Let me assume that the domain in question is the interval $[a,b]$.
Let me denote by $G:=\{ (x,f(x)): \ x\in [a,b]\}$ the graph of $f$.
Since $G \subset A_k$ by convexity of $f$, it holds $conv(G) \subset A_k$.
Let $f$ be bounded on the interval $[a,b]$. Then it is Lipschitz continuous there.
Since you are talking about tangents, let me assume that $f$ is differentiable on the interval.
Since $f$ is differentiable and Lipschitz continuous, we have $|f'(x)|\le L$ for all $x\in [a,b]$.
At step $k$, we partition the interval $[a,b]$ into $k$ subintervals of length at most $h_k$, with $h_k \to0$ for $k\to \infty$.
Let $[x_1,x_2]$ an interval of the partition. Then the two lines below the graph that define the corresponding triangle can be described by the mappings
$$
x\mapsto f(x_1) + f'(x_1)(x-x_1)
$$
and
$$
x\mapsto f(x_2) + f'(x_2)(x-x_2).
$$
Let $x\in [x_1,x_2]$. Then the distance of a point on the triangle can be bounded from above
$$
| f(x) - (f(x_1) + f'(x_1)(x-x_1))|,
$$
i.e., by the distance of the corresponding point of one the lines to the graph.

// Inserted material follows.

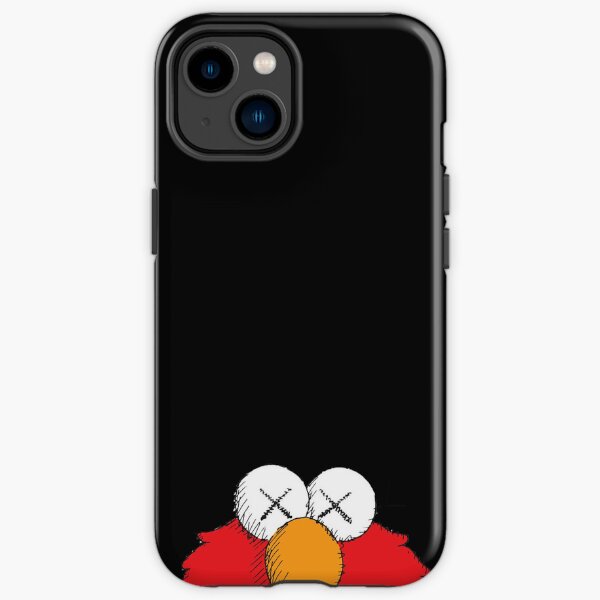 Linda muñeca roja Funda resistente para iPhone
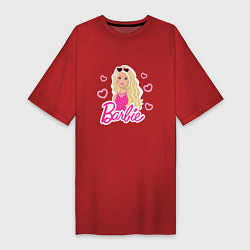 Женская футболка-платье Кукла Barbie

And by the mean value theorem,
$$
|f(x) - (f(x_1) + f'(x_1)(x-x_1))| = |(f'(\xi)- f'(x_1))(x-x_1)|
\le L |\xi-x_1| \cdot |x-x_1| \le L |x_2-x_1|^2 \le L h_k^2.
$$
That is, the distance from an point $x$ below the graph in some triangle to the graph tends to zero for $k\to \infty$. If $x$ is a point in some triangle and above the graph then $x\in conv(G)$ anyway.
Let now $x \in \cap A_k \setminus conv(G)$. Then for all $k$, $x$ is in some of these constructed triangles and below the graph. By the arguments above $dist(x,G) \le Lh_k^2 \to0$. So $x\in G$, a contradiction, and we have $ \cap A_k \subset cong(G)$.